EXERCISE INPUTS:
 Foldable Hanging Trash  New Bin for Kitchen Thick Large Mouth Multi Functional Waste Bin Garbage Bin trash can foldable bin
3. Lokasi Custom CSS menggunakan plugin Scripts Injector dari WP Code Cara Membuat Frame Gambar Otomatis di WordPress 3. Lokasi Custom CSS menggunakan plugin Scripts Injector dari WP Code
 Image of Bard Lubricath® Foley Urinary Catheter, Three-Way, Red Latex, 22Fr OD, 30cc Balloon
...
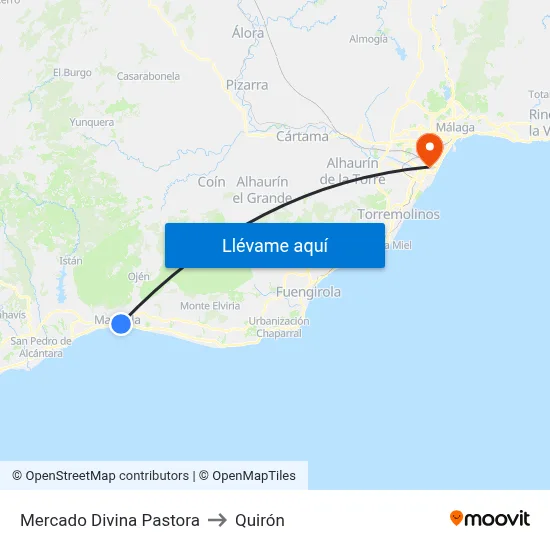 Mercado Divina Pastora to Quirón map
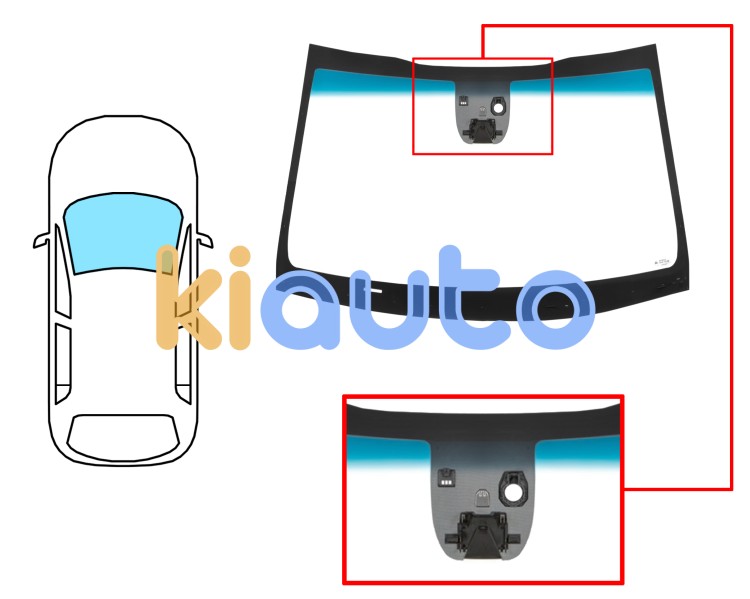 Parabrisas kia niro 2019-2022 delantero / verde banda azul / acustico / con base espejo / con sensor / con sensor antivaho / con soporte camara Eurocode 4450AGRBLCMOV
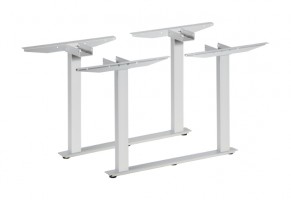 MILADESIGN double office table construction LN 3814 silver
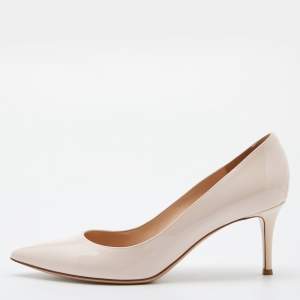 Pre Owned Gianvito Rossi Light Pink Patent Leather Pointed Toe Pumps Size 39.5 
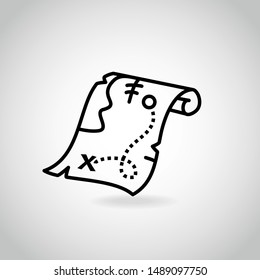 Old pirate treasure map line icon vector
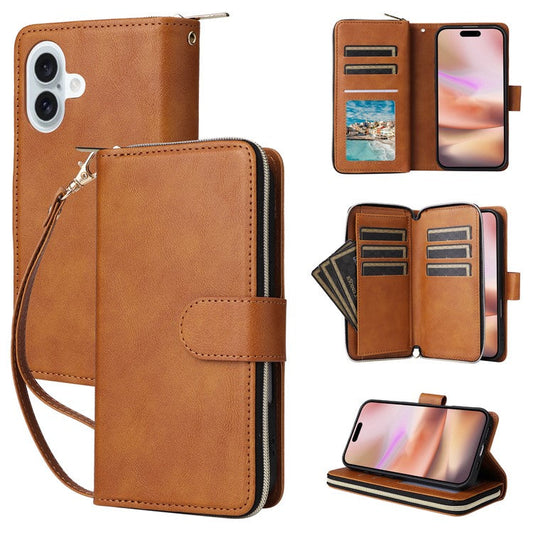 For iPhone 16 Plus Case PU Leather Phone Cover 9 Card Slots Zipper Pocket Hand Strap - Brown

PROBLEM TO WORK ON:
Using only the entries above, output the line with "Foldable Hanging Trash", the line with "WP Code Cara", and all lines between them, exactly as they stand.

RESPONSE TO THIS EXERCISE:
 Foldable Hanging Trash  New Bin for Kitchen Thick Large Mouth Multi Functional Waste Bin Garbage Bin trash can foldable bin
3. Lokasi Custom CSS menggunakan plugin Scripts Injector dari WP Code Cara Membuat Frame Gambar Otomatis di WordPress 3. Lokasi Custom CSS menggunakan plugin Scripts Injector dari WP Code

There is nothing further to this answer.